Allah sürekli beni temiz zürriyetlerden temiz rahimlere intikal ettirdi ve asla beni cahiliyet devrinin pislikleriyle kirletmedi.[7] Çok açık olduğu üzere İslam Peygamberi (s.a.a) Hz. İsmail ve Hz. İbrahim’in neslinden olması hasebiyle, doğal olarak Hz. İbrahim’in babası Peygamberimizin atası sayılmaktadır ve belirtilen hadis uyarınca müşrik olması mümkün değildir. Bu yüzden bu ayet-i şerifte “eb”’in manası “baba” olamaz. Arapların genelde kullandığı (amca, eşin babası gibi) başka bir anlamla yorumlanmalıdır.

2. Yüce Allah Kur’an’da İsmail’i Hz. Yakub’un amcası olmasına rağmen onun babası olarak tanıtmaktadır. “Yoksa siz Yakub’un, ölüm döşeğinde iken çocuklarına, Benden sonra kime ibadet edeceksiniz? dediği, onların da, “Senin ilâhına ve ataların İbrahim, İsmail ve İshak’ın ilâhı olan tek bir ilâha ibadet edeceğiz; bizler O’na boyun eğmiş Müslümanlarız.” dedikleri zaman orada hazır mı bulunuyordunuz?”[8] Bu ayette “eb-baba” kelimesi ata, amca ve gerçek baba için kullanılmıştır. Bu yüzden eğer Kur’an’da kendisi için “eb” tabiri kullanılan Azer’in Hz. İbrahim’in amcası olduğu tezi ileri öne sürülürse, Kur’an’ın terminolojik yapısı açısından bu husus delilsiz değildir.

3. Hz. İbrahim’in (a.s) gerçek babası Azer dışında başka bir şahıstı. Ama Kur’an ondan bahsetmemiştir. Sadece rivayetlerimizde onun ismini “Tareh” olarak bildirmiş ve Tevrat da bunu onaylamıştır.[9] Hz.
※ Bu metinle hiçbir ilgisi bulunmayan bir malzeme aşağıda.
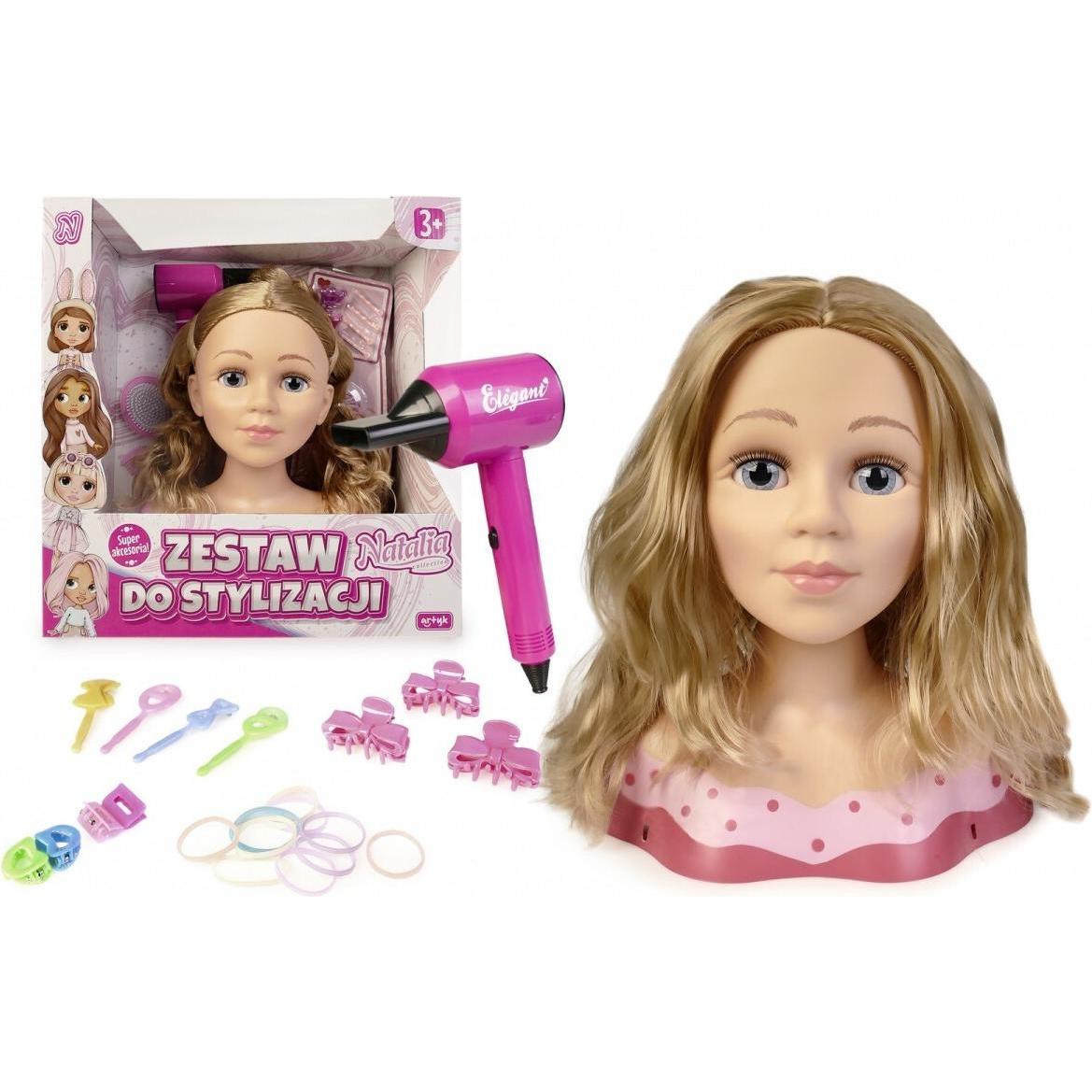 Artyk, Set di acconciature giocattolo, Kopf zum Kämmen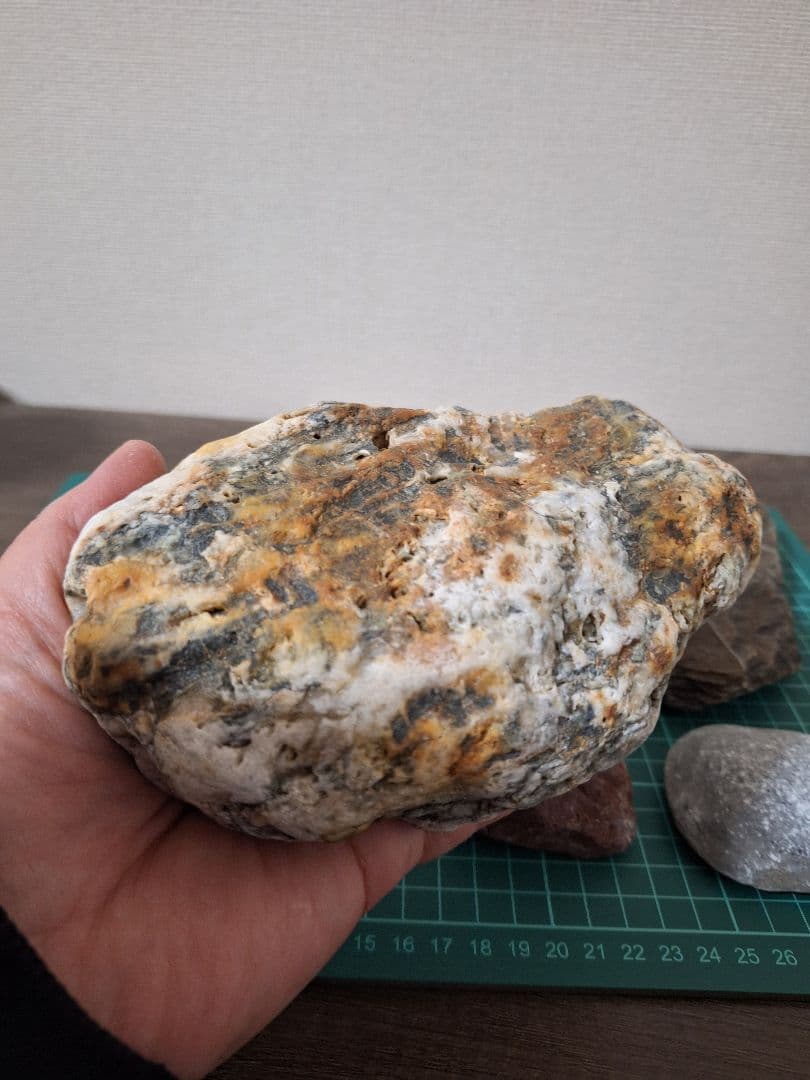 今回限り！徳島県産！カラフル水槽用石６個セット　阿波青石　チャート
Peygamberin (s.a.a) değerli eşi Ümmü Seleme şöyle demektedir: Ben Peygamberin (s.a.a) şöyle buyurduğunu duydum:

"...عدنان هوأد بن أدد بن الیسع بن الهمیسع بن سلامان بن نبت بن حمل بن قیدار بن إسماعیل بن إبراهیم (ع) بن تارخ بن تاخور بن ساروخ بن أرعواء بن فالغ بن عابر و هو هودع بن شالخ بن أرفخشد بن سام بن نوح (ع) بن لمک بن متوشلخ بن أخنوخ و یقال أخنوخ و هو إدریس بن یارد بن مهلائیل بن قینان بن أنوش بن شیث بن آدم (ع) أبی البشر"[10] 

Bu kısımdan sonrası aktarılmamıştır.